--- Task inputs ---
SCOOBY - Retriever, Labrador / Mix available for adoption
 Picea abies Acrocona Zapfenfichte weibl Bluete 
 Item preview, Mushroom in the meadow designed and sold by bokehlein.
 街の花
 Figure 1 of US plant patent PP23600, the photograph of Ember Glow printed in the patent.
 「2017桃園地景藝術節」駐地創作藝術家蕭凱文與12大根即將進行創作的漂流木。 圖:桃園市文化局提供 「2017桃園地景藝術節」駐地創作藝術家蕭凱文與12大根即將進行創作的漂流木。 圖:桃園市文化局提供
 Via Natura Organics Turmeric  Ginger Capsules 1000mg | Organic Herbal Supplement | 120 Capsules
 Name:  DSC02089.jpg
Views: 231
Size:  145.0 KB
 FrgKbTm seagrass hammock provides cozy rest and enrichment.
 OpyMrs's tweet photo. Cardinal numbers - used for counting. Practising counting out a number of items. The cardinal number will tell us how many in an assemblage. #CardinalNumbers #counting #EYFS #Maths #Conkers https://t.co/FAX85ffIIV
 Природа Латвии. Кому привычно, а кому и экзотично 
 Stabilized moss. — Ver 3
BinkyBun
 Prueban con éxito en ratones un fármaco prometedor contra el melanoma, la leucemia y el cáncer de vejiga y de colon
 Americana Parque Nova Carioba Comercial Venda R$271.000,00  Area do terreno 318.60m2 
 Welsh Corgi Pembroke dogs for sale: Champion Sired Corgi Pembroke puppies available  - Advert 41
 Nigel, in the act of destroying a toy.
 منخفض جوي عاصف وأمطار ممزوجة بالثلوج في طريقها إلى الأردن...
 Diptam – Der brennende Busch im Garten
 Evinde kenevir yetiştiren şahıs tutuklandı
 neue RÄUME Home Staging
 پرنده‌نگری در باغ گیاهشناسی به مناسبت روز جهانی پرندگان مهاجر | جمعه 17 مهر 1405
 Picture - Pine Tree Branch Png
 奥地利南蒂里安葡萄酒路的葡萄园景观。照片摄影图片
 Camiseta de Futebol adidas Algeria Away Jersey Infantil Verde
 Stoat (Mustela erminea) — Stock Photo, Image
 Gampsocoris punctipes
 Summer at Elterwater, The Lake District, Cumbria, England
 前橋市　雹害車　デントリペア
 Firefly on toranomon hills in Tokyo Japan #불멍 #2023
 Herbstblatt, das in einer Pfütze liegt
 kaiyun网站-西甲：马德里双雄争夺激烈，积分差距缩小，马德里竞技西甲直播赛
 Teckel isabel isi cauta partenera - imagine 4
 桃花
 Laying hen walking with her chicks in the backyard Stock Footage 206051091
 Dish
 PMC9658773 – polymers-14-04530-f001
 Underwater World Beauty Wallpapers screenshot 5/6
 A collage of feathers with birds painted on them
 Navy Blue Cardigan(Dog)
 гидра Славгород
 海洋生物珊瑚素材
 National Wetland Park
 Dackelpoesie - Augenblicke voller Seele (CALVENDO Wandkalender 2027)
---
§ Goal of the exercise: Keeping each line intact, set down the entire listing once more.

§ Exercise output:
SCOOBY - Retriever, Labrador / Mix available for adoption
 Picea abies Acrocona Zapfenfichte weibl Bluete 
 Item preview, Mushroom in the meadow designed and sold by bokehlein.
 街の花
 Figure 1 of US plant patent PP23600, the photograph of Ember Glow printed in the patent.
 「2017桃園地景藝術節」駐地創作藝術家蕭凱文與12大根即將進行創作的漂流木。 圖:桃園市文化局提供 「2017桃園地景藝術節」駐地創作藝術家蕭凱文與12大根即將進行創作的漂流木。 圖:桃園市文化局提供
 Via Natura Organics Turmeric  Ginger Capsules 1000mg | Organic Herbal Supplement | 120 Capsules
 Name:  DSC02089.jpg
Views: 231
Size:  145.0 KB
 FrgKbTm seagrass hammock provides cozy rest and enrichment.
 OpyMrs's tweet photo. Cardinal numbers - used for counting. Practising counting out a number of items. The cardinal number will tell us how many in an assemblage. #CardinalNumbers #counting #EYFS #Maths #Conkers https://t.co/FAX85ffIIV
 Природа Латвии. Кому привычно, а кому и экзотично 
 Stabilized moss. — Ver 3
BinkyBun
 Prueban con éxito en ratones un fármaco prometedor contra el melanoma, la leucemia y el cáncer de vejiga y de colon
 Americana Parque Nova Carioba Comercial Venda R$271.000,00  Area do terreno 318.60m2 
 Welsh Corgi Pembroke dogs for sale: Champion Sired Corgi Pembroke puppies available  - Advert 41
 Nigel, in the act of destroying a toy.
 منخفض جوي عاصف وأمطار ممزوجة بالثلوج في طريقها إلى الأردن...
 Diptam – Der brennende Busch im Garten
 Evinde kenevir yetiştiren şahıs tutuklandı
 neue RÄUME Home Staging
 پرنده‌نگری در باغ گیاهشناسی به مناسبت روز جهانی پرندگان مهاجر | جمعه 17 مهر 1405
 Picture - Pine Tree Branch Png
 奥地利南蒂里安葡萄酒路的葡萄园景观。照片摄影图片
 Camiseta de Futebol adidas Algeria Away Jersey Infantil Verde
 Stoat (Mustela erminea) — Stock Photo, Image
 Gampsocoris punctipes
 Summer at Elterwater, The Lake District, Cumbria, England
 前橋市　雹害車　デントリペア
 Firefly on toranomon hills in Tokyo Japan #불멍 #2023
 Herbstblatt, das in einer Pfütze liegt
 kaiyun网站-西甲：马德里双雄争夺激烈，积分差距缩小，马德里竞技西甲直播赛
 Teckel isabel isi cauta partenera - imagine 4
 桃花
 Laying hen walking with her chicks in the backyard Stock Footage 206051091
 Dish
 PMC9658773 – polymers-14-04530-f001
 Underwater World Beauty Wallpapers screenshot 5/6
 A collage of feathers with birds painted on them
 Navy Blue Cardigan(Dog)
 гидра Славгород
 海洋生物珊瑚素材
 National Wetland Park
 Dackelpoesie - Augenblicke voller Seele (CALVENDO Wandkalender 2027)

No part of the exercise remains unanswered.